Captioned web image data
################

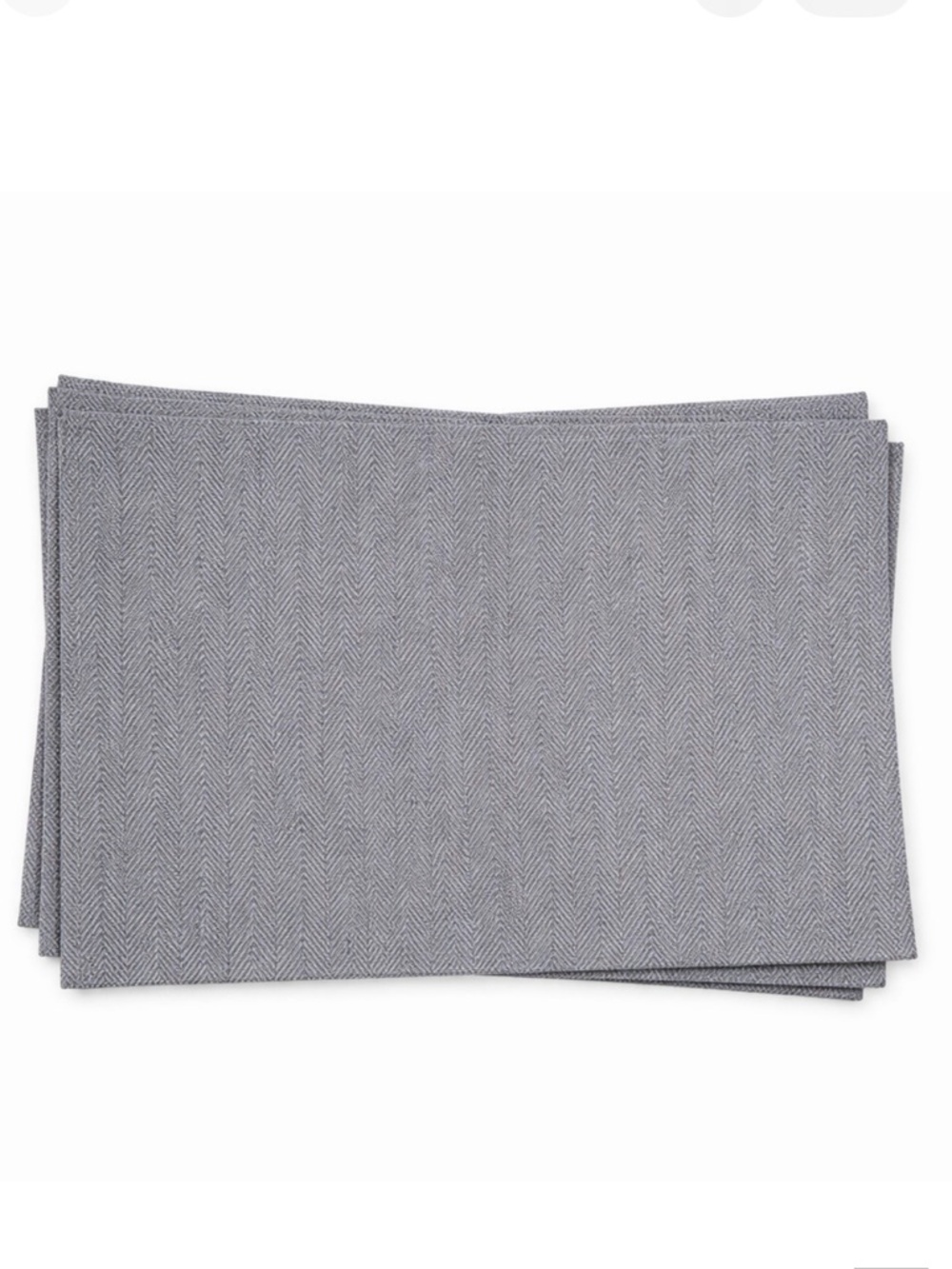 TOMMY BAHAMA Set of 4 Sullivan Herringbone Placemats 13x19in Indoor Outdoor Gray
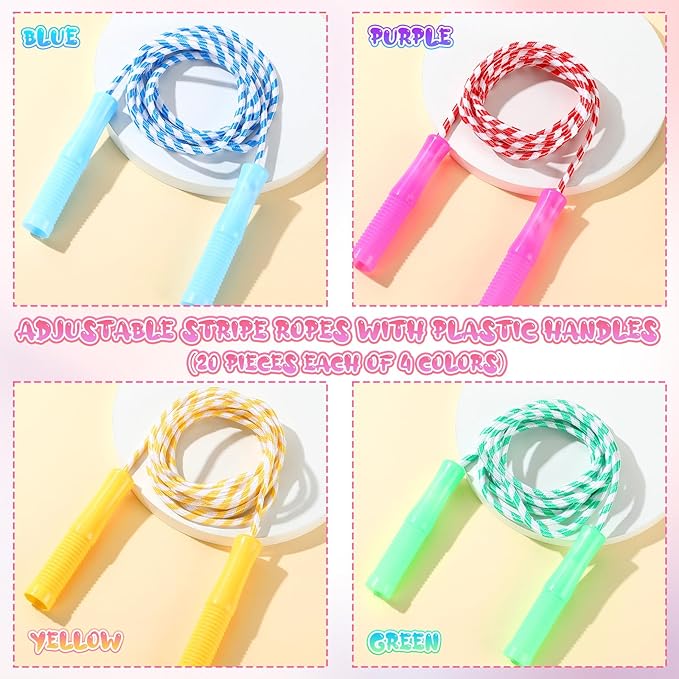 Aoriher 80 Pcs Jump Rope Bulk Kids 7.22 ft Adjustable Stripe Skipping Rope Outdoor Exercise Fitness Equipment for Back to School Class Playground Activities Set, 4 Colors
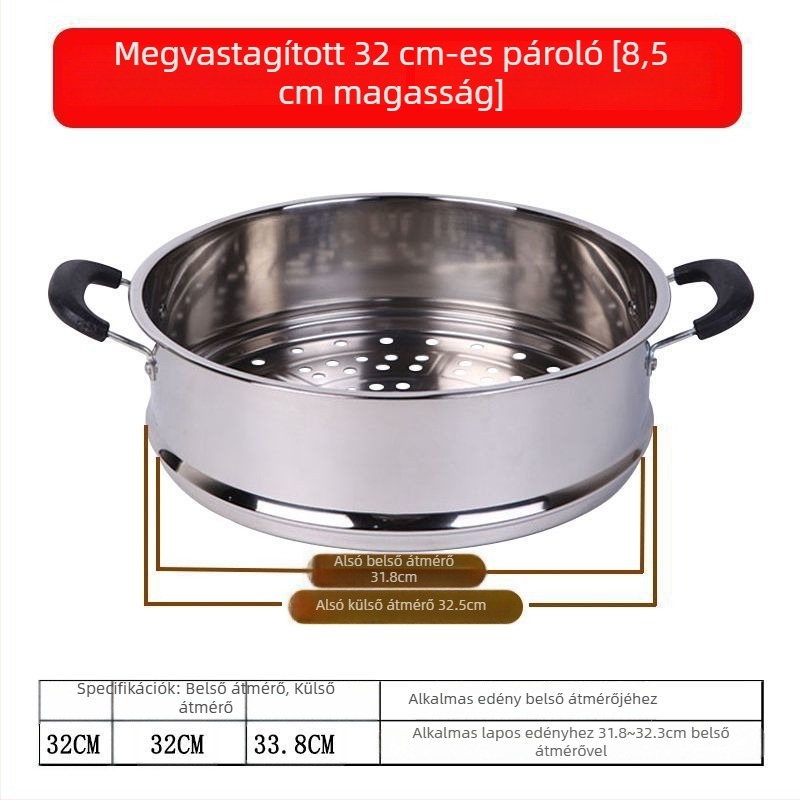 Erősített rozsdamentes acél párolókosár, nagy kapacitású, pároló rost és tálca, többfunkciós edénybetét, 28–40 cm
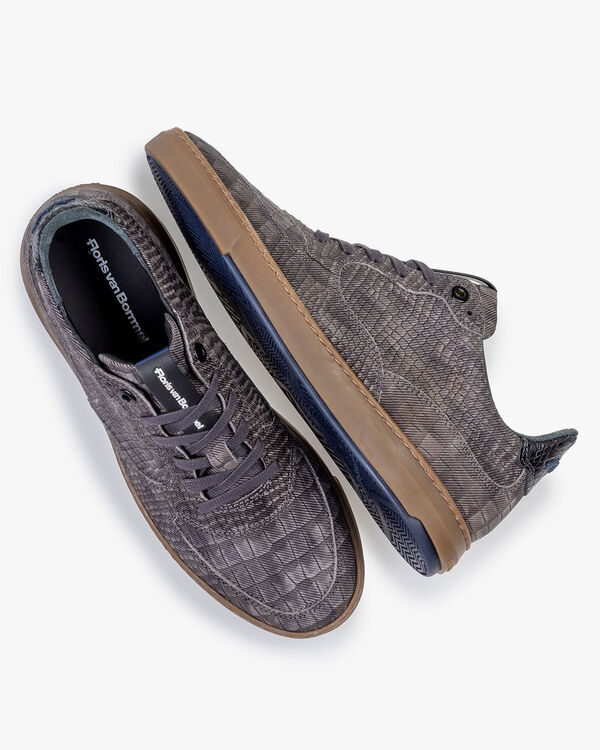 Sneaker Reptilienprint taupe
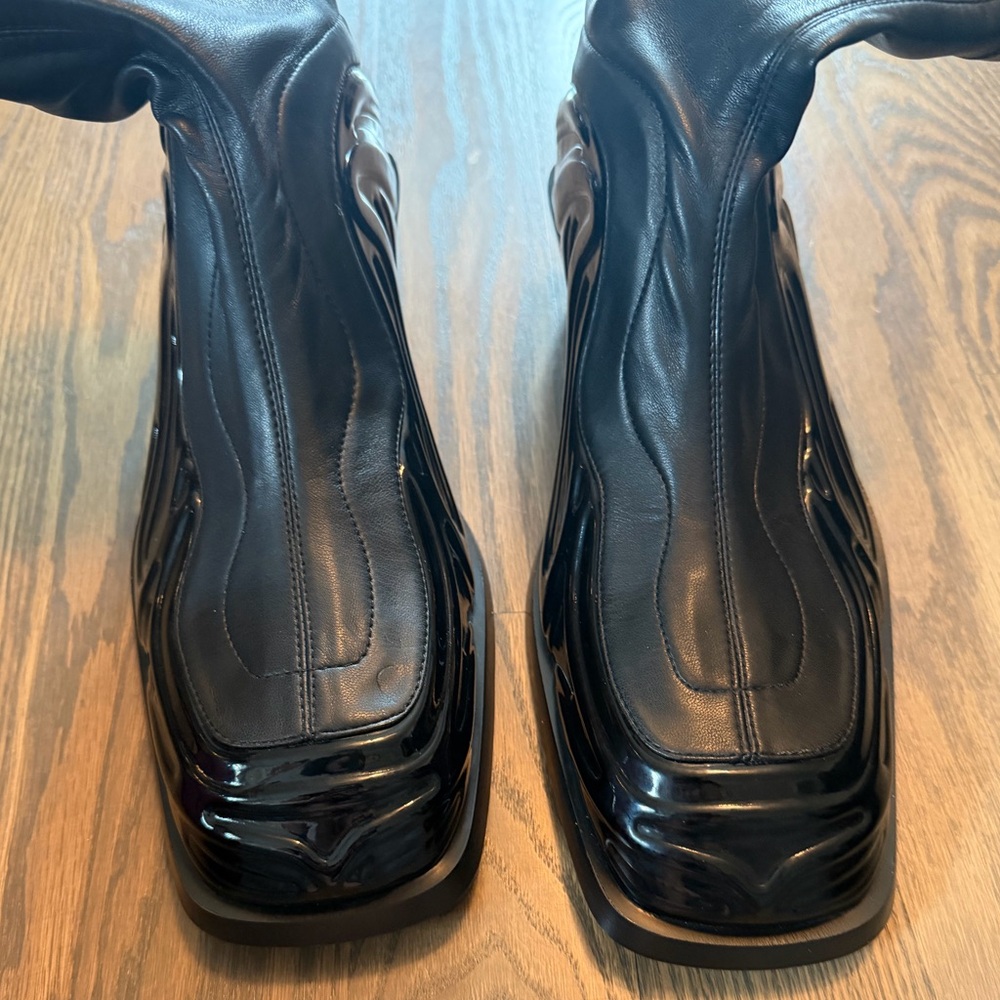 Versace Black Patent & Leather Sculpted Solare Boots - Picture 6 of 9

################

## Work instruction
For this exercise, reproduce the data above exactly from the line containing "Erősített rozsdamentes acél" through its final line, both ends included, with no pictures in the copy.

## Solution to this task
 Erősített rozsdamentes acél párolókosár, nagy kapacitású, pároló rost és tálca, többfunkciós edénybetét, 28–40 cm
 Sneaker Reptilienprint taupe
 Versace Black Patent & Leather Sculpted Solare Boots - Picture 6 of 9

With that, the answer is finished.